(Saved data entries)

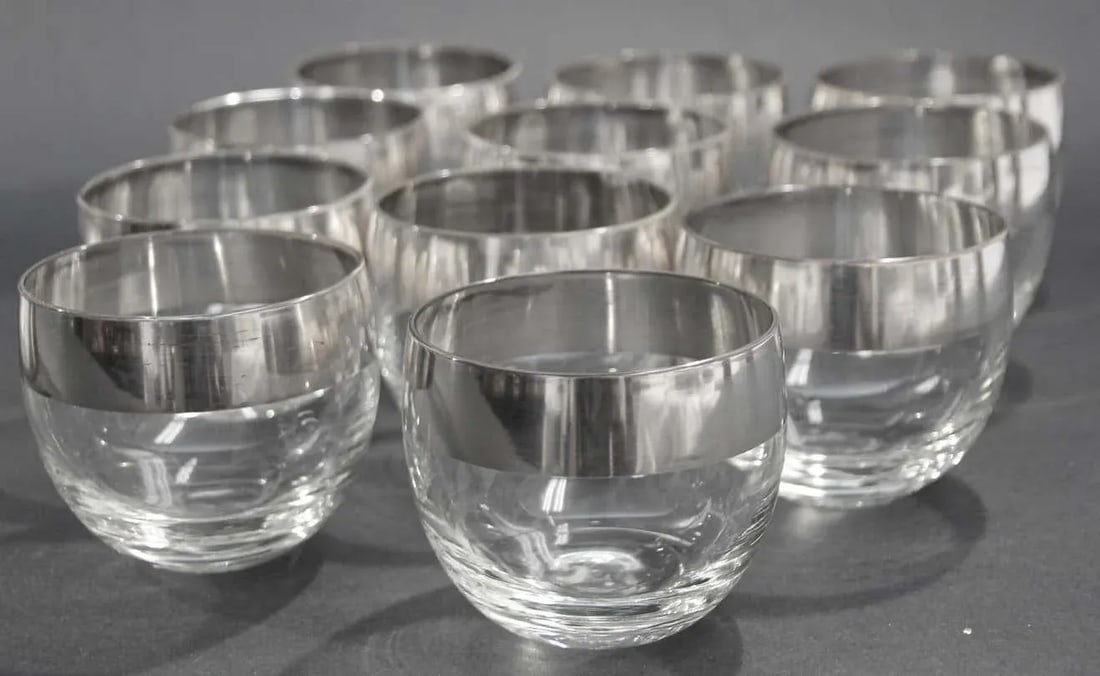 Dorothy Thorpe Mid-Century Silver Band Roly Poly Glasses and Cocktail Punch Bowl - 12 Pieces - 2
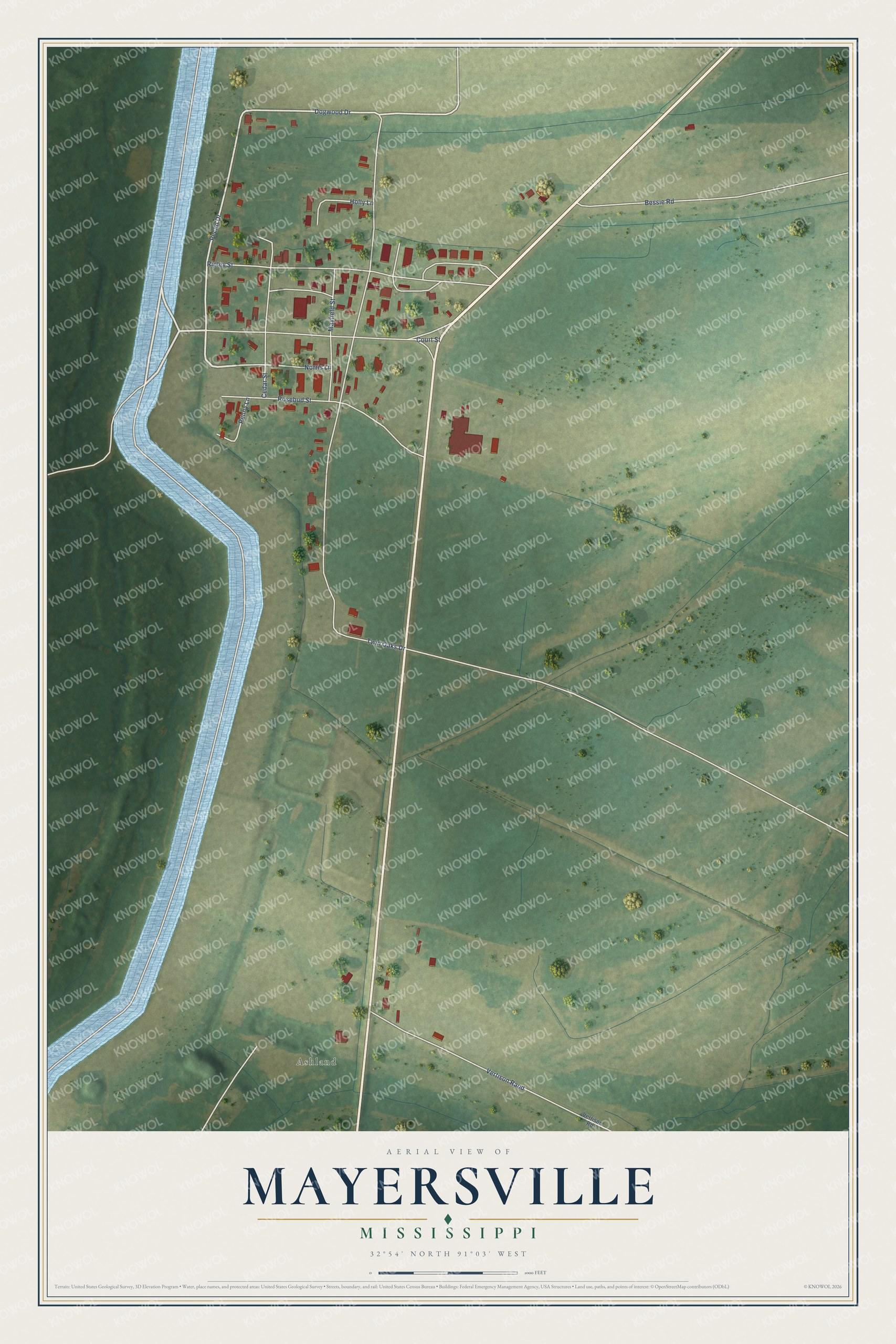 Watermarked full-map preview of Mayersville, Mississippi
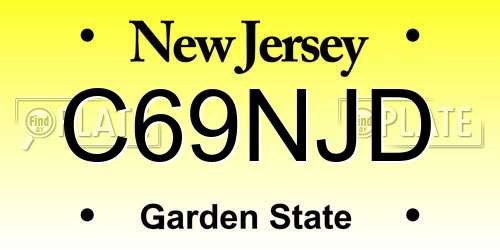 C69NJD New Jersey License Plate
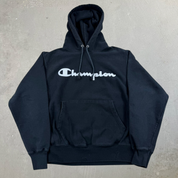 J- Vintage Champion Reverse Weave Embroidered Text Black Hoodie - M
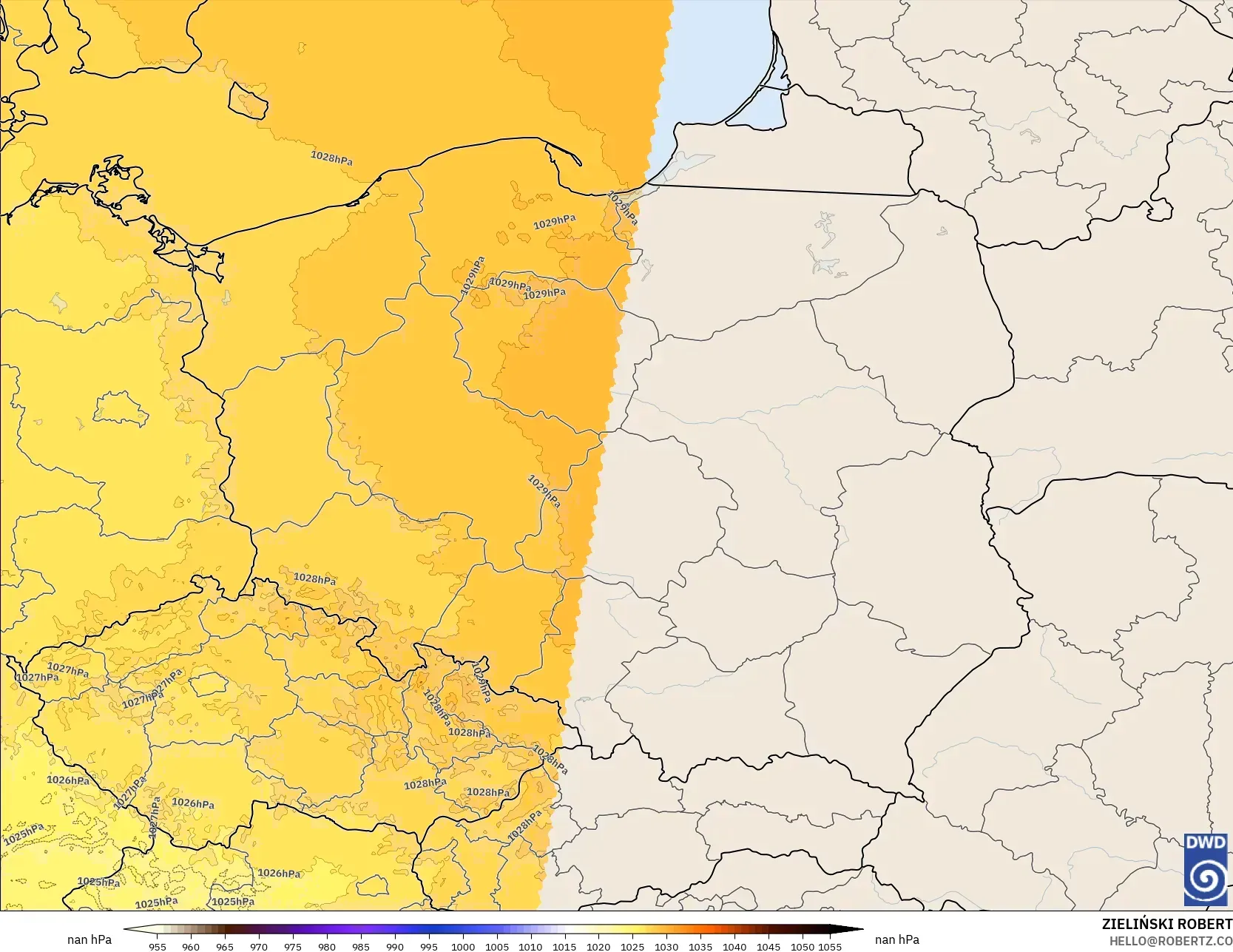 ICON Germany 2 km model - Poland, Pressure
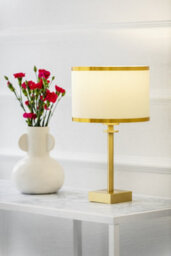 Luminosa Lighting Luminosa Abbano Wall Lamp With Shade Cream With Gold Strip, Brushed Brass - thumbnail 2
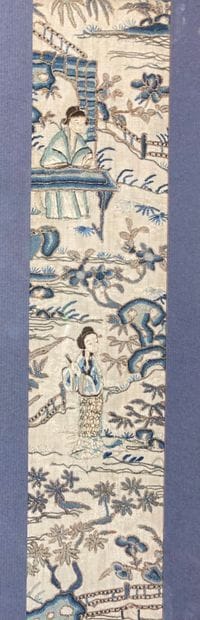 Pair of panels in chenille embroidered silk...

_Work required:_ In the entries above, find the line containing "J- Vintage Champion" and the line containing "Luminosa Lighting Luminosa"; give again exactly those two lines and every line between them, minus the pictures.

_Result of this task:_
 J- Vintage Champion Reverse Weave Embroidered Text Black Hoodie - M
 ICON Germany 2 km model - Poland, Pressure
 Luminosa Lighting Luminosa Abbano Wall Lamp With Shade Cream With Gold Strip, Brushed Brass - thumbnail 2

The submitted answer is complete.